#### DATASET RECORDS:
################

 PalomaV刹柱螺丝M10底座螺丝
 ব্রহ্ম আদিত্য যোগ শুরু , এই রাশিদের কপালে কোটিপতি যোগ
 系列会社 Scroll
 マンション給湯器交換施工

################

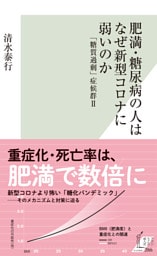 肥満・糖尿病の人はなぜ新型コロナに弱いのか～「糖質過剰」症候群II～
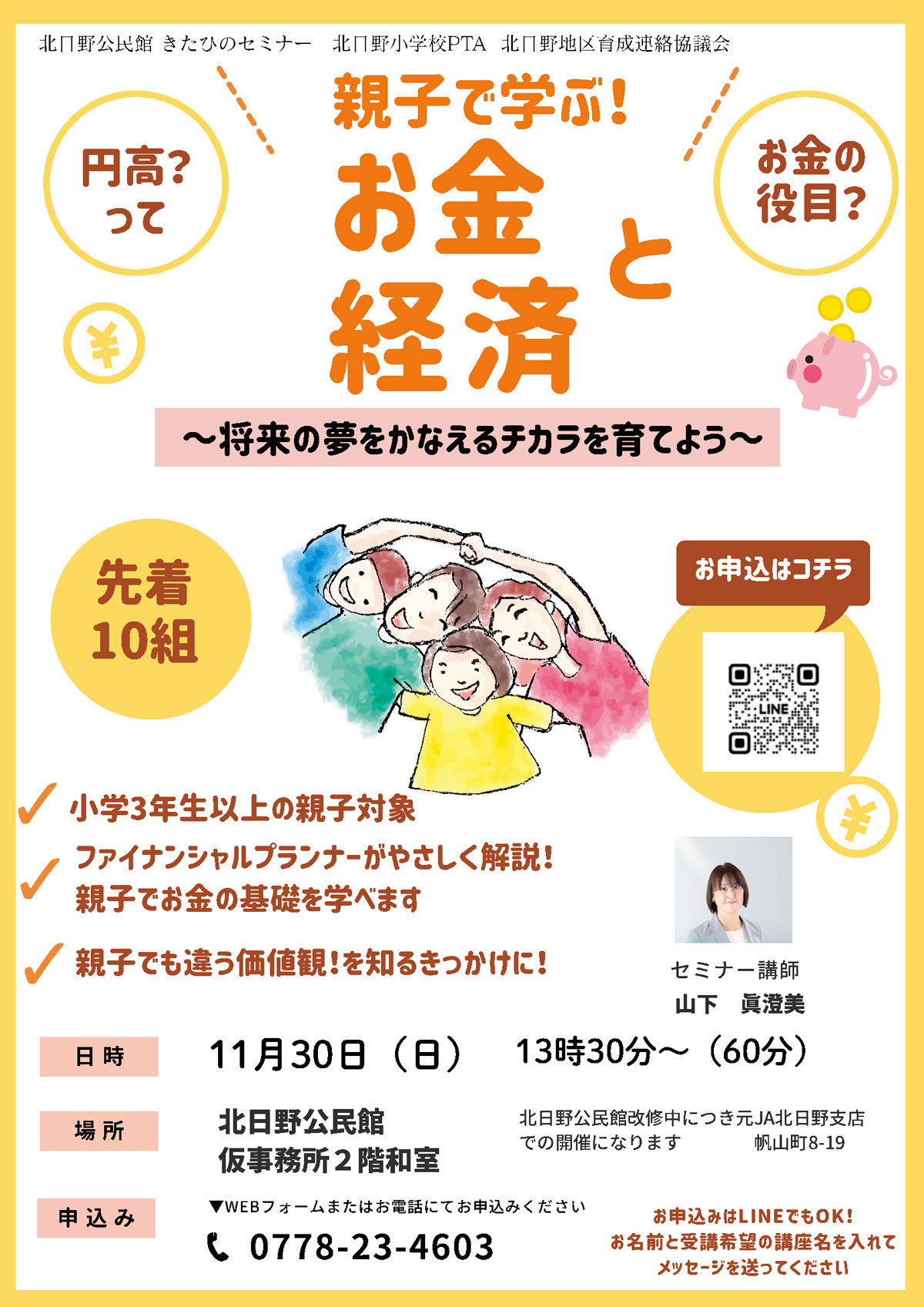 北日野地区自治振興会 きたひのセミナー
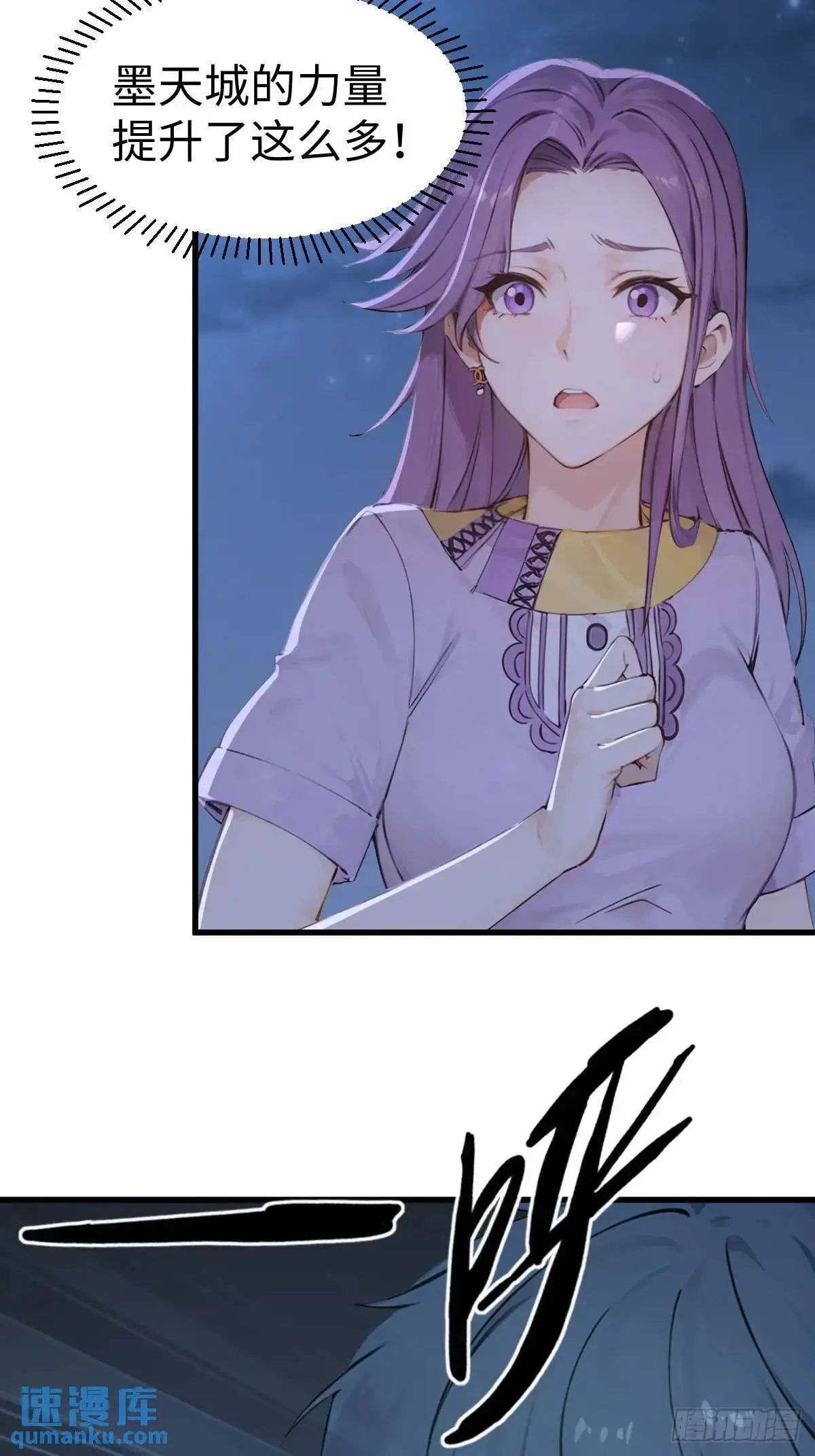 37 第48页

################

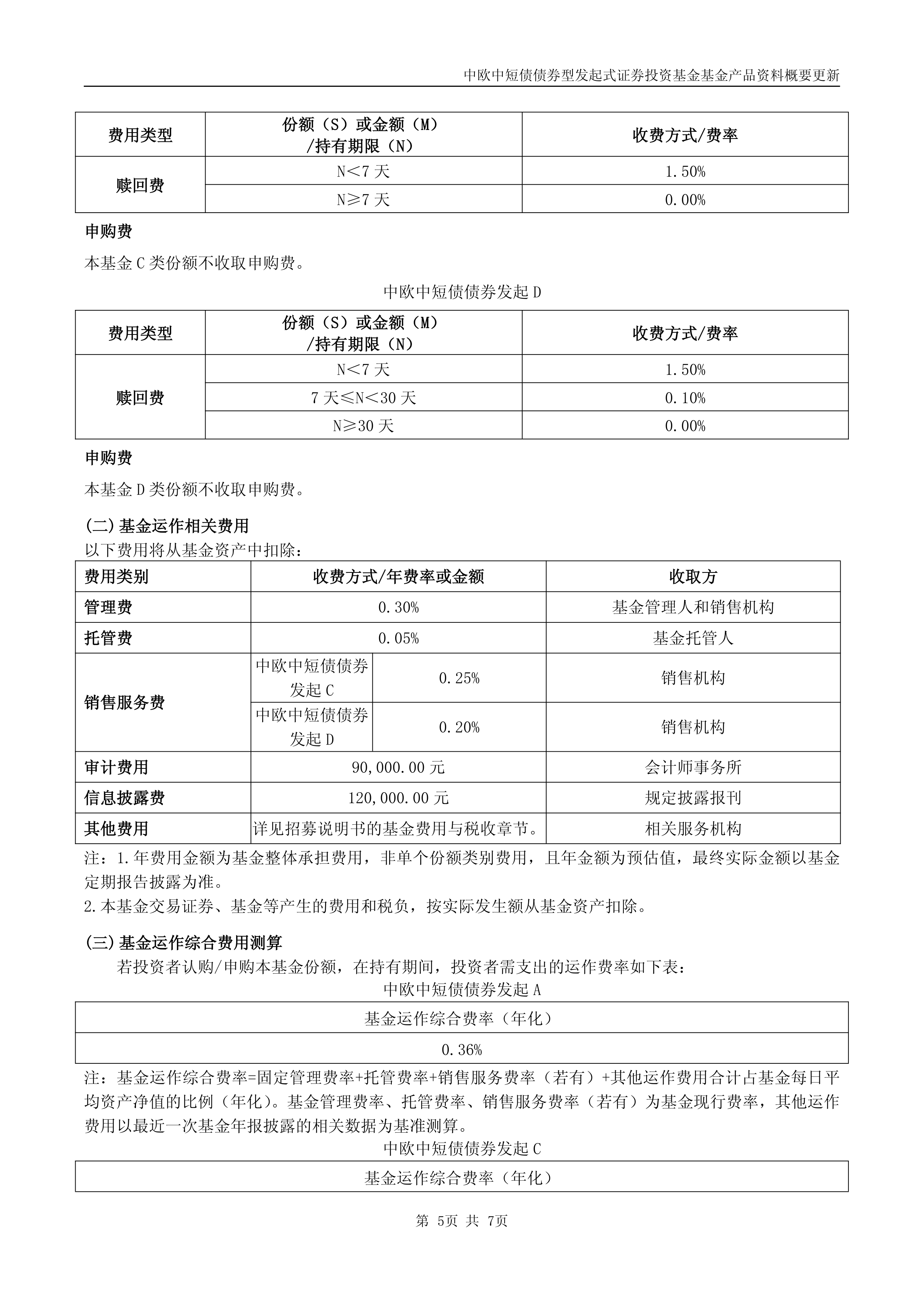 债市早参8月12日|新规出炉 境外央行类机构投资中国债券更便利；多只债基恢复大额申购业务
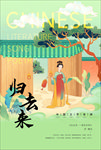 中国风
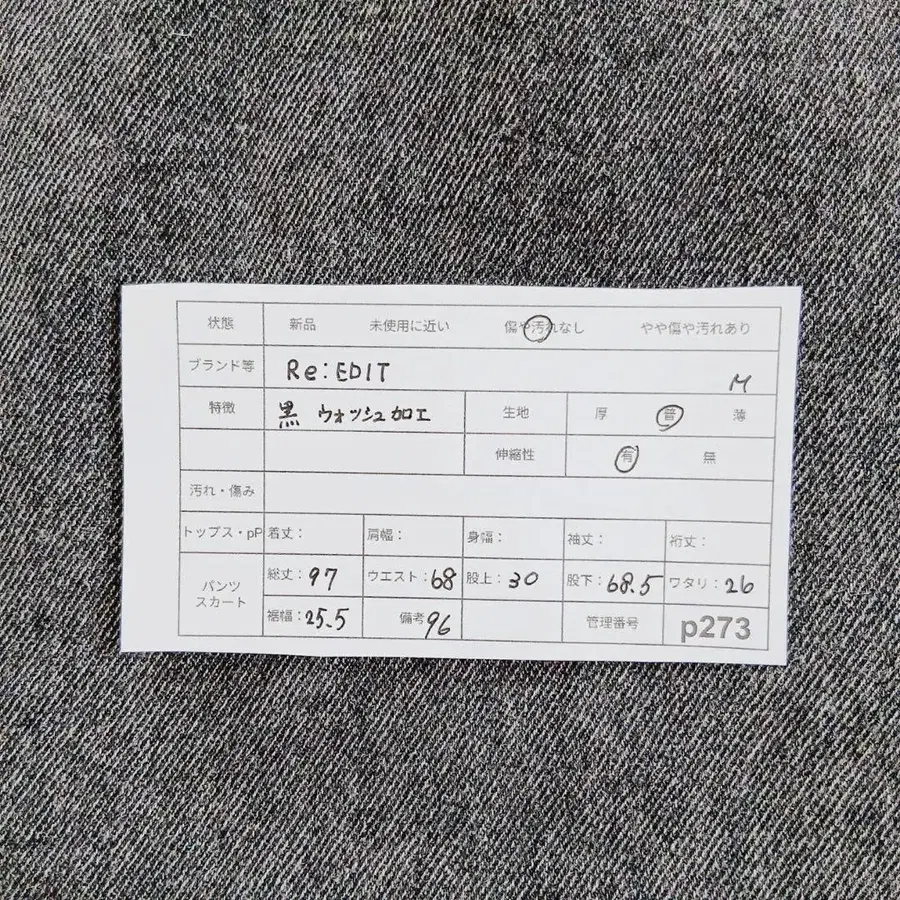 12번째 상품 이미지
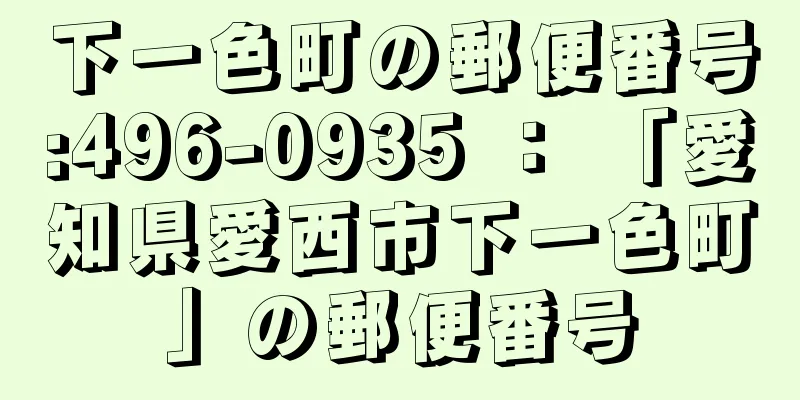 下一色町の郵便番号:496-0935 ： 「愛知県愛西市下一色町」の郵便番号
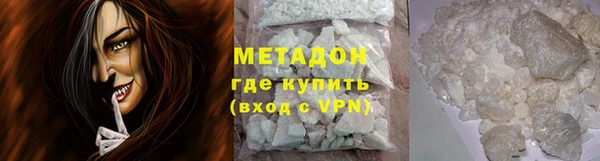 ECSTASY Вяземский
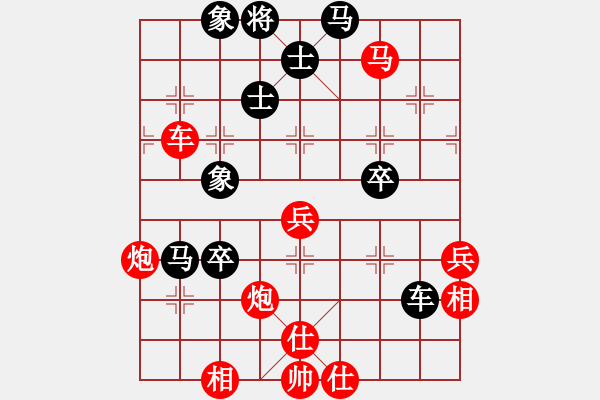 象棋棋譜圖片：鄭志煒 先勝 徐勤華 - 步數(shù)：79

################

#### THE TASK:
Above are the records; print exactly the lines from the line with "PalomaV刹柱螺丝M10底座螺丝" to the line with "マンション給湯器交換施工", including both, and nothing else.

#### ANSWER TO THIS PROBLEM:
 PalomaV刹柱螺丝M10底座螺丝
 ব্রহ্ম আদিত্য যোগ শুরু , এই রাশিদের কপালে কোটিপতি যোগ
 系列会社 Scroll
 マンション給湯器交換施工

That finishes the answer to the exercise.